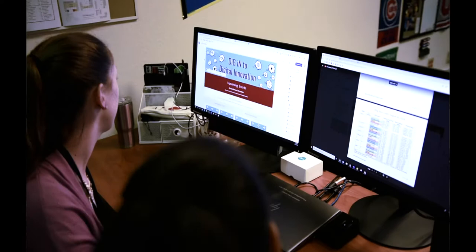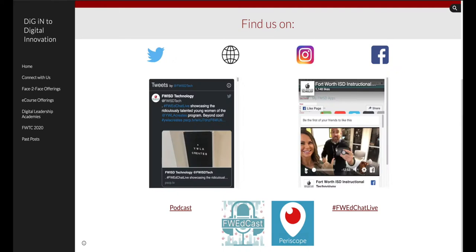So our blog is a site that we have created for our teachers to go to that houses information about our upcoming courses that we are offering, face-to-face, e-courses, any type of courses that we are offering that you guys can come and sign up for and earn incentive credit for.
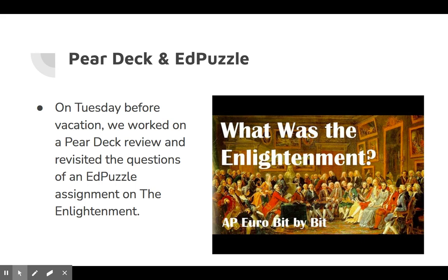We also had a Pear Deck and an Ed Puzzle right before vacation. We worked on a Pear Deck review and revisited the questions on the Ed Puzzle assignments about the Enlightenment.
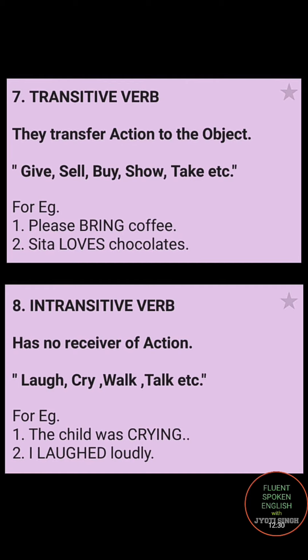Intransitive verb — in an intransitive verb there is no receiver of action. The commonly used intransitive verbs are: laugh, cry, walk, talk, etc. For example, 'The child was crying' — crying becomes an intransitive verb. 'I laughed loudly' — laughed is an intransitive verb here.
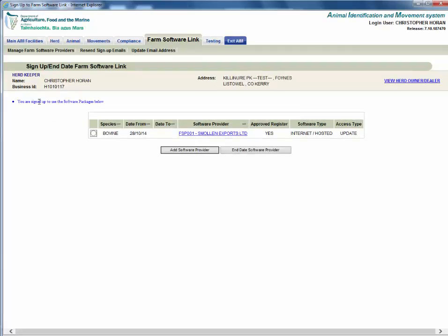The sign up end date farm software link page will appear on screen. You will see the farm software provider that you are currently signed up to. Click the radio button for the software provider you want to end date, then click the end date software provider button.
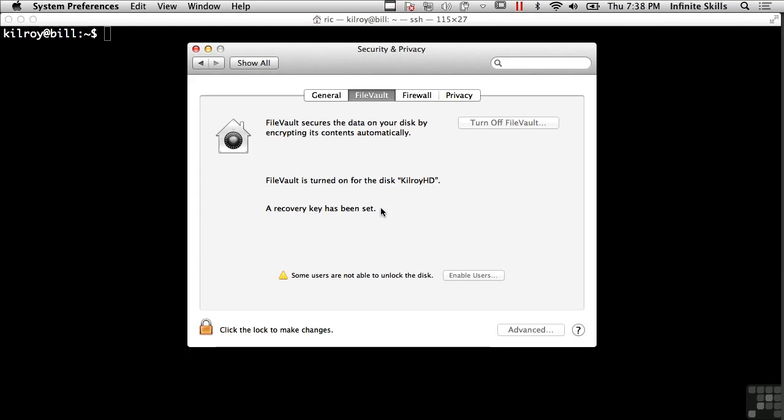So the operating system handles this process by starting the encryption of all of the files on your hard drive, and it does this in the background.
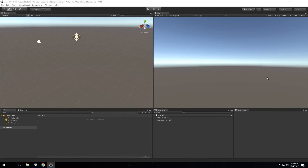Hey, what's up guys, it's Saiku or Sam here, welcome back to the channel. Today I'm really excited to bring you a brand new tutorial series where we're going to be talking about editor extensions in Unity. I'm going to teach you how to create your own assets and editor extensions using C#, so we're going to be supporting the latest updated language.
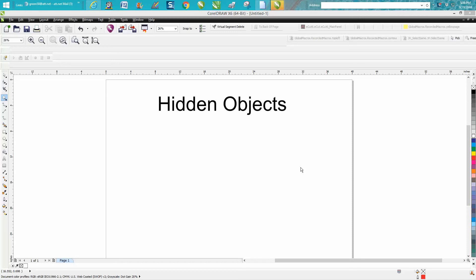Hi, it's me again with CorelDRAW tips and tricks. This video is going to be about hidden objects or items. Somebody sent me a file today to look at, and when I was looking at it, they had a bunch of objects.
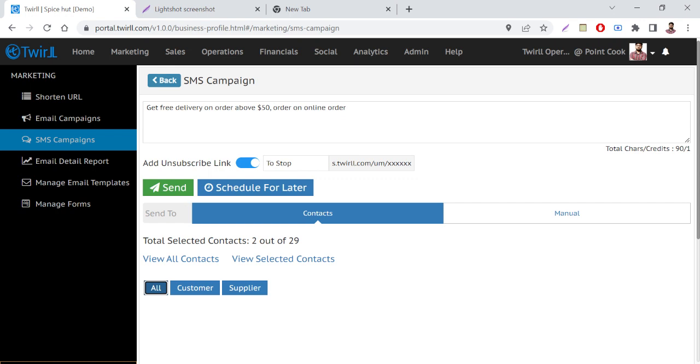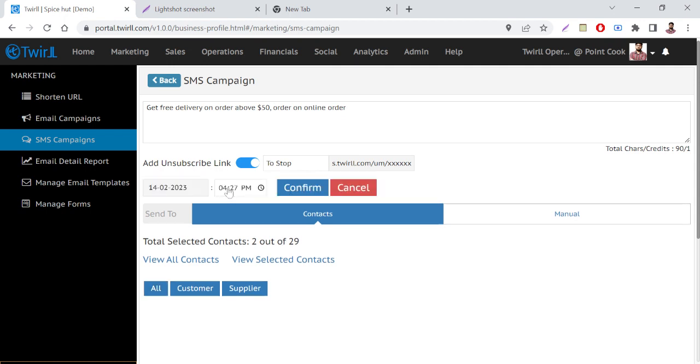Either you can send SMS straight away or you can schedule for later. So if you want to send straight away, you can just click here. Or if you want to schedule for later, then just click here and select the timeline and then confirm.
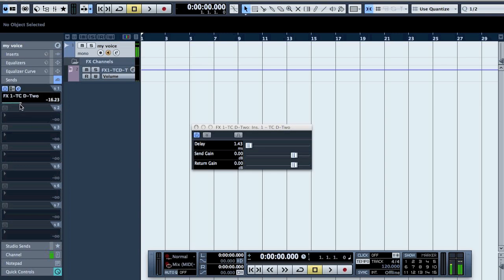And that is how you hook up an external effect in Cubase.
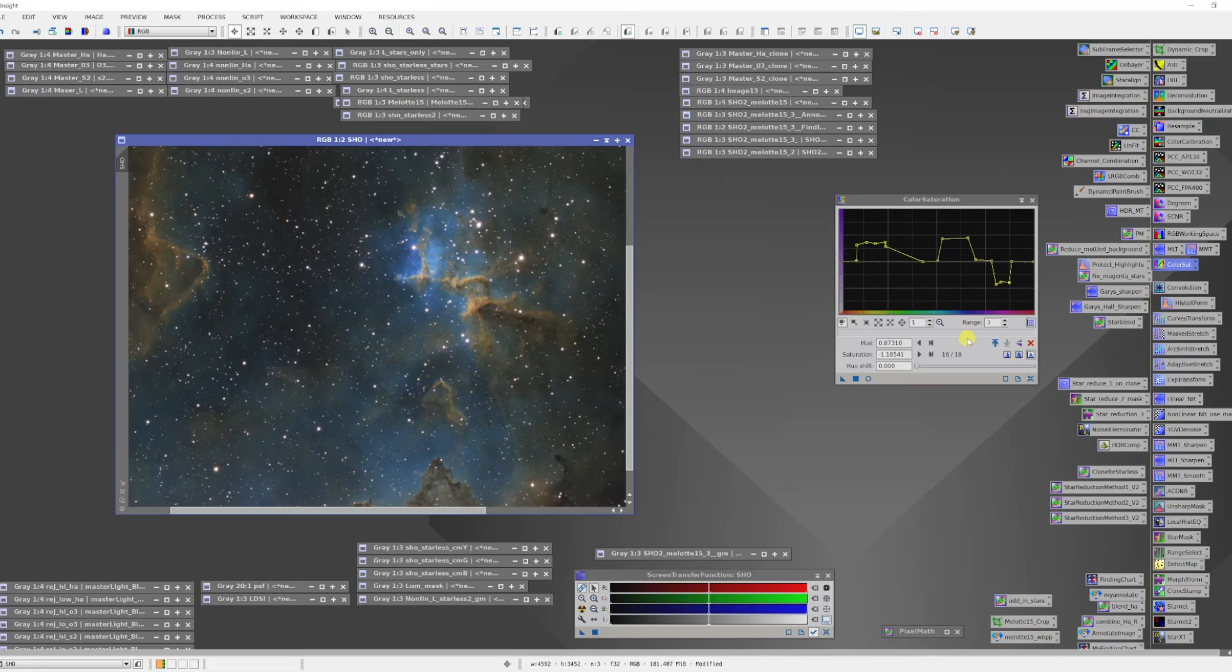So here's a very simple tool that you can use to shape very selectively the saturation at any hue in your image.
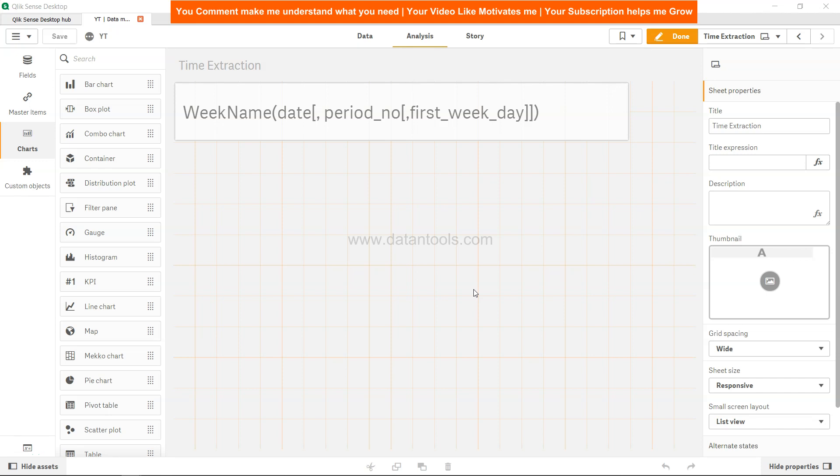Hello there, welcome back to the new Qlik Sense tutorial video. In this video we are going to talk about the WeekName function within Qlik Sense.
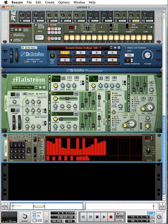So, that about wraps up this tutorial on the Matrix Pattern Sequencer. Let's take a look at the RPG-8 monophonic arpeggiator next.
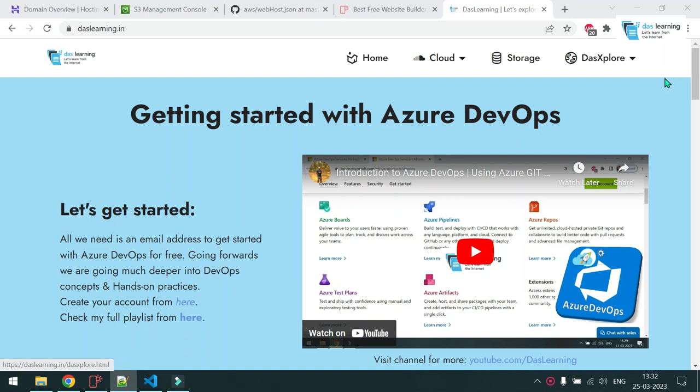Welcome back to another cloud episode. Agree or not, we all wanted to have our own website, isn't it? But the blocking points might be cost, technical challenges like writing HTML, CSS, maintaining the server or whatever.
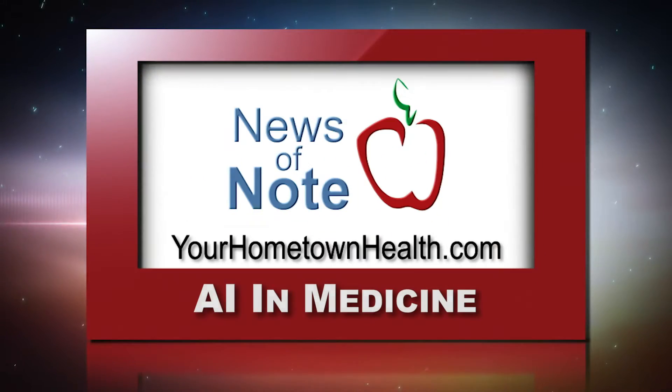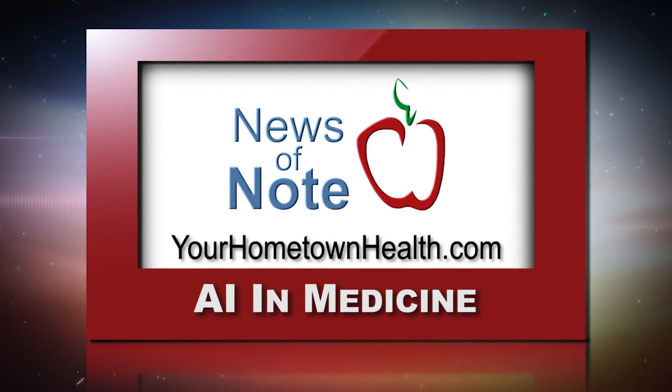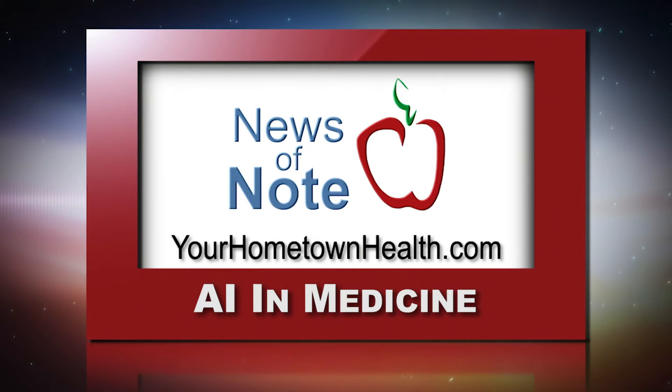You'll find a link to information on this story when you click the News of the Week tab on our homepage at yourhometownhealth.com.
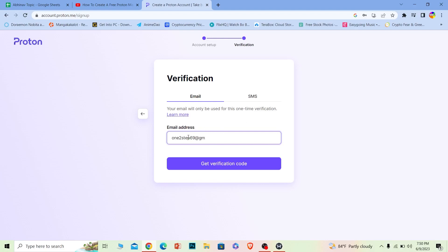You can use your email or your phone number. I'm using my Gmail, but you can use your phone number as well. Just click on the SMS side to go for phone number. Click Get Verification Code.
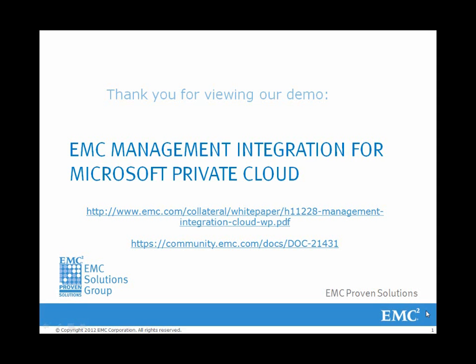Thank you for viewing our demo from our white paper, EMC Management Integration for Microsoft Private Cloud, which is available on emc.com and community.emc.com.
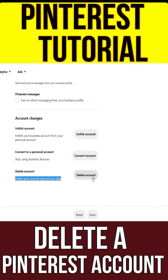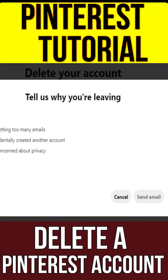Click Delete Account, tell us why you are leaving, then click Next. A confirmation screen will appear.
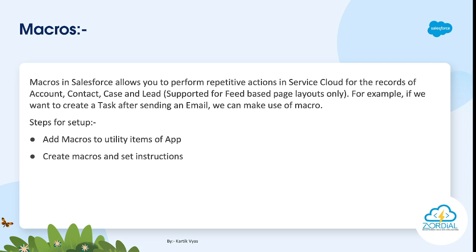So what macros do is create step-by-step instructions so that you can automate these actions. Whenever we need to perform that action, we can just play the macros and that action is automatically performed.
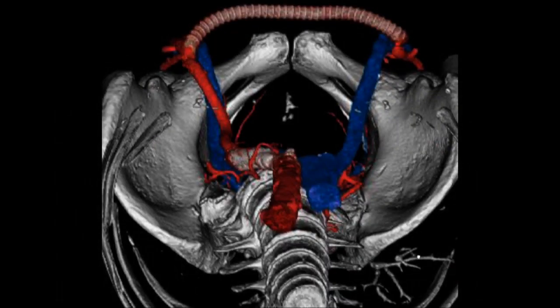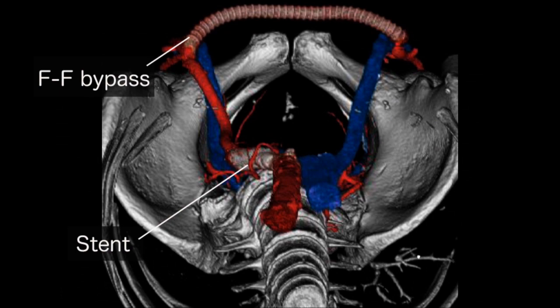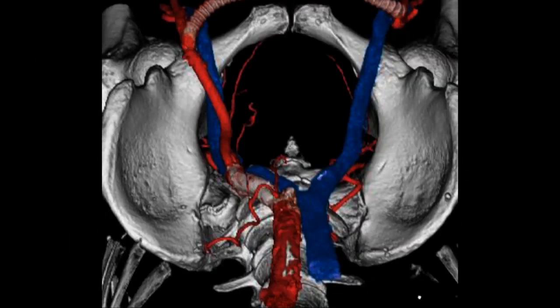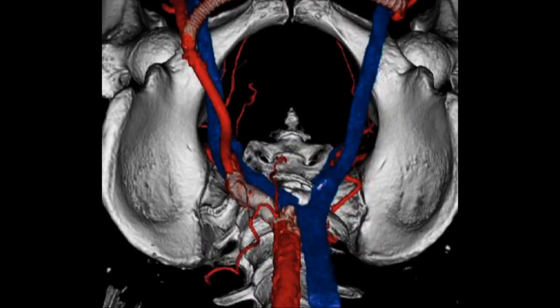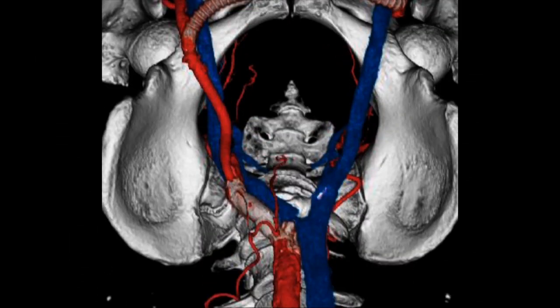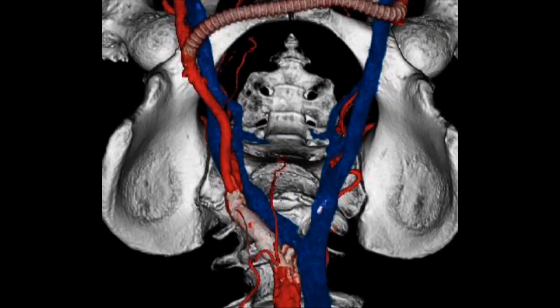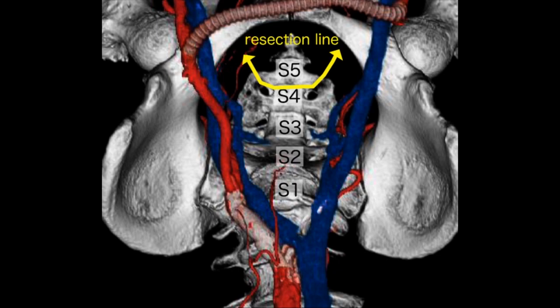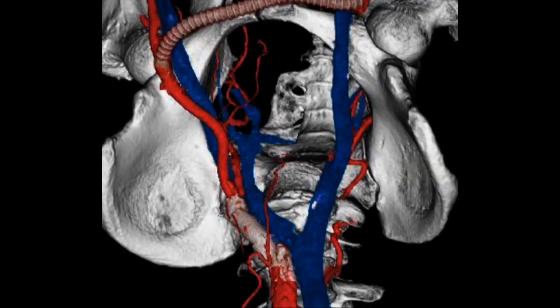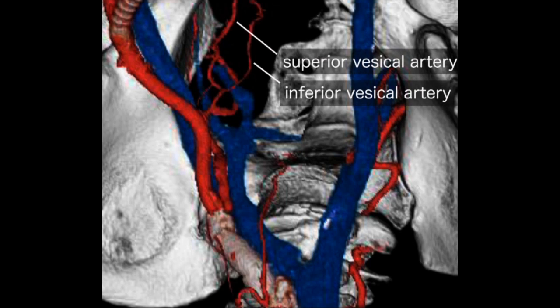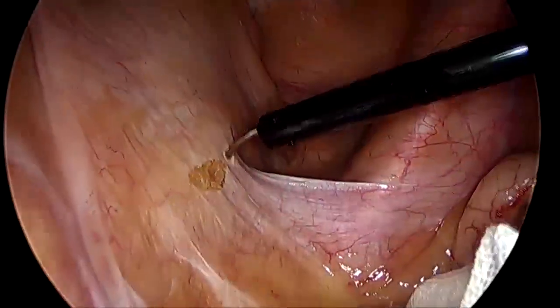This is the 3D imaging. The right-sided iliac arteries are completely occluded, although the left side iliac arteries are maintained. This is the planned resection line of the sacrum. Considering the blood flow toward the urinary bladder, it was critical to preserve the superior and inferior vesicle arteries on the left side.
------------------------
▶ **Required work**:
Print the material above verbatim, no images.

▶ **Output for this exercise**:
So our blog is a site that we have created for our teachers to go to that houses information about our upcoming courses that we are offering, face-to-face, e-courses, any type of courses that we are offering that you guys can come and sign up for and earn incentive credit for.
We also had a Pear Deck and an Ed Puzzle right before vacation. We worked on a Pear Deck review and revisited the questions on the Ed Puzzle assignments about the Enlightenment.
Intransitive verb — in an intransitive verb there is no receiver of action. The commonly used intransitive verbs are: laugh, cry, walk, talk, etc. For example, 'The child was crying' — crying becomes an intransitive verb. 'I laughed loudly' — laughed is an intransitive verb here.
The sign up end date farm software link page will appear on screen. You will see the farm software provider that you are currently signed up to. Click the radio button for the software provider you want to end date, then click the end date software provider button.
So the operating system handles this process by starting the encryption of all of the files on your hard drive, and it does this in the background.
Hey, what's up guys, it's Saiku or Sam here, welcome back to the channel. Today I'm really excited to bring you a brand new tutorial series where we're going to be talking about editor extensions in Unity. I'm going to teach you how to create your own assets and editor extensions using C#, so we're going to be supporting the latest updated language.
Hi, it's me again with CorelDRAW tips and tricks. This video is going to be about hidden objects or items. Somebody sent me a file today to look at, and when I was looking at it, they had a bunch of objects.
Either you can send SMS straight away or you can schedule for later. So if you want to send straight away, you can just click here. Or if you want to schedule for later, then just click here and select the timeline and then confirm.
And that is how you hook up an external effect in Cubase.
So here's a very simple tool that you can use to shape very selectively the saturation at any hue in your image.
Hello there, welcome back to the new Qlik Sense tutorial video. In this video we are going to talk about the WeekName function within Qlik Sense.
So, that about wraps up this tutorial on the Matrix Pattern Sequencer. Let's take a look at the RPG-8 monophonic arpeggiator next.
Welcome back to another cloud episode. Agree or not, we all wanted to have our own website, isn't it? But the blocking points might be cost, technical challenges like writing HTML, CSS, maintaining the server or whatever.
You'll find a link to information on this story when you click the News of the Week tab on our homepage at yourhometownhealth.com.
You can use your email or your phone number. I'm using my Gmail, but you can use your phone number as well. Just click on the SMS side to go for phone number. Click Get Verification Code.
Thank you for viewing our demo from our white paper, EMC Management Integration for Microsoft Private Cloud, which is available on emc.com and community.emc.com.
Click Delete Account, tell us why you are leaving, then click Next. A confirmation screen will appear.
So what macros do is create step-by-step instructions so that you can automate these actions. Whenever we need to perform that action, we can just play the macros and that action is automatically performed.
This is the 3D imaging. The right-sided iliac arteries are completely occluded, although the left side iliac arteries are maintained. This is the planned resection line of the sacrum. Considering the blood flow toward the urinary bladder, it was critical to preserve the superior and inferior vesicle arteries on the left side.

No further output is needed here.